## Data shown
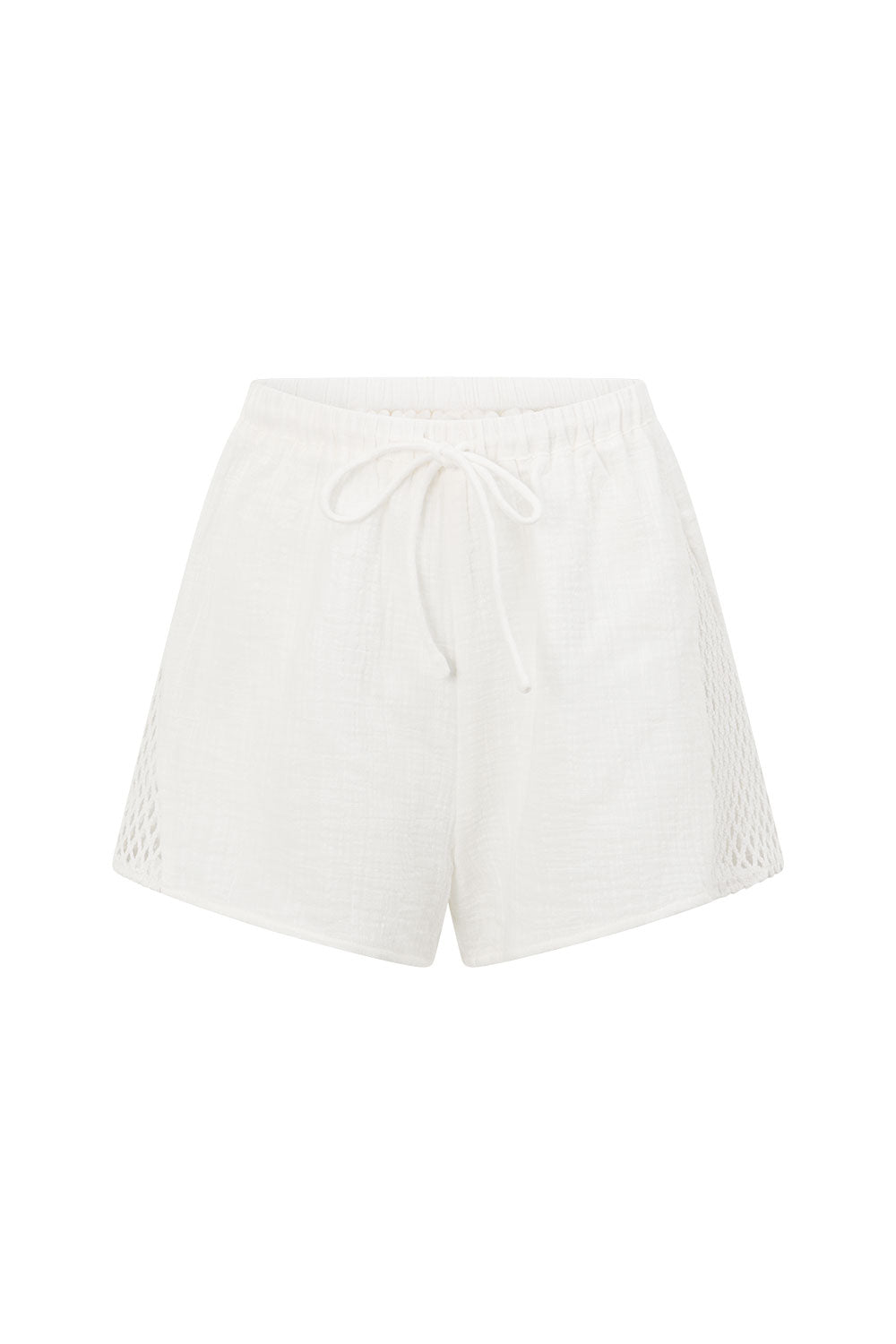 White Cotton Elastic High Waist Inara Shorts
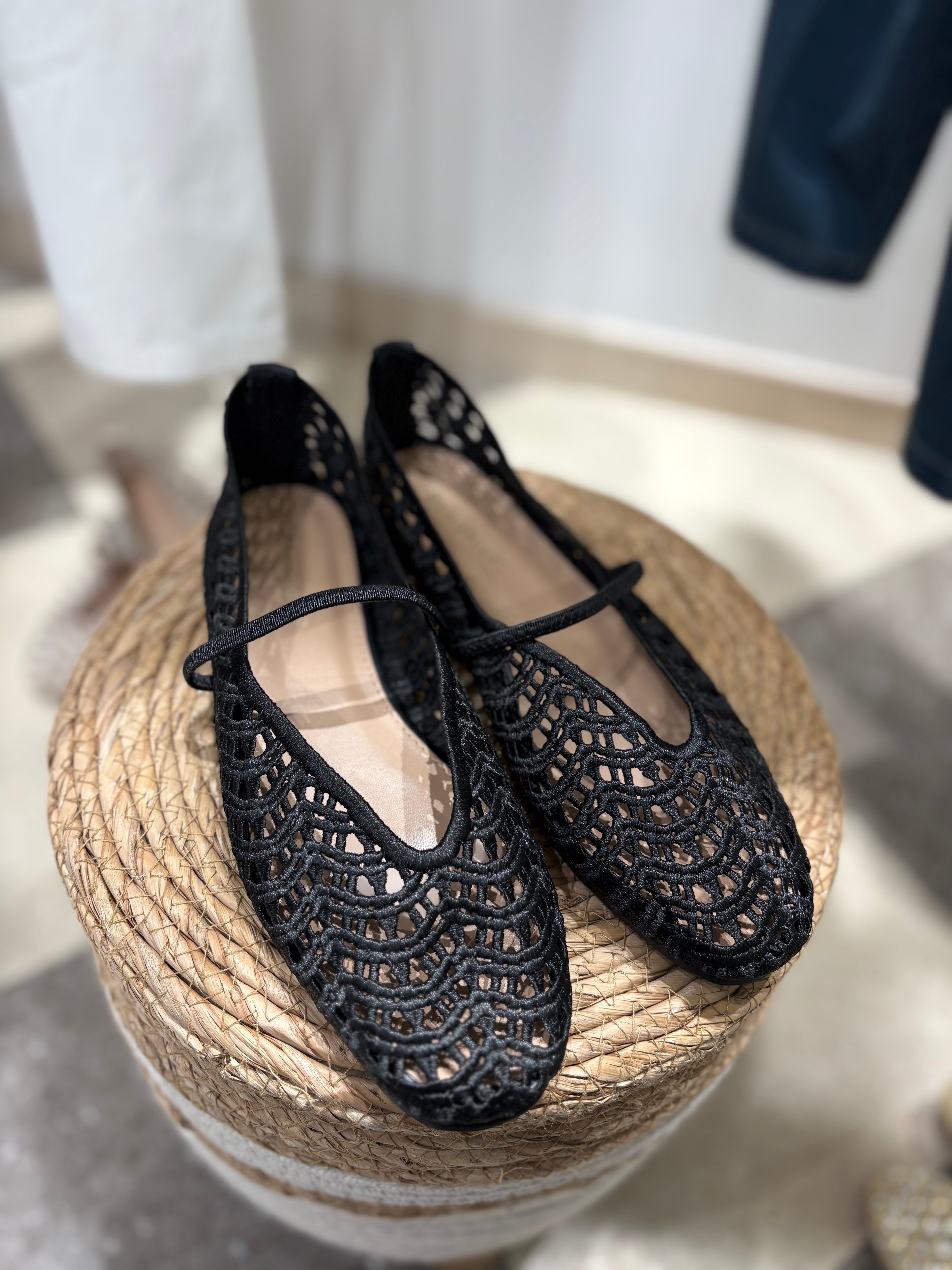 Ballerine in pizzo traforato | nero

* * *

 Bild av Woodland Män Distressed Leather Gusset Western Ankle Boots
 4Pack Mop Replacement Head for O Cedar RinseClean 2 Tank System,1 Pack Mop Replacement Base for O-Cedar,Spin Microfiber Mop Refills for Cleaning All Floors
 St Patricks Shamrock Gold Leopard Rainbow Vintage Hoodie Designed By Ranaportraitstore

## Exercise description
Beginning at the line above that contains "White Cotton Elastic High Waist Inara Shorts" and going on through the line that contains "Ballerine in pizzo traforato | nero", please copy every line exactly, leaving the pictures out and adding nothing.

## Written solution
 White Cotton Elastic High Waist Inara Shorts
 Ballerine in pizzo traforato | nero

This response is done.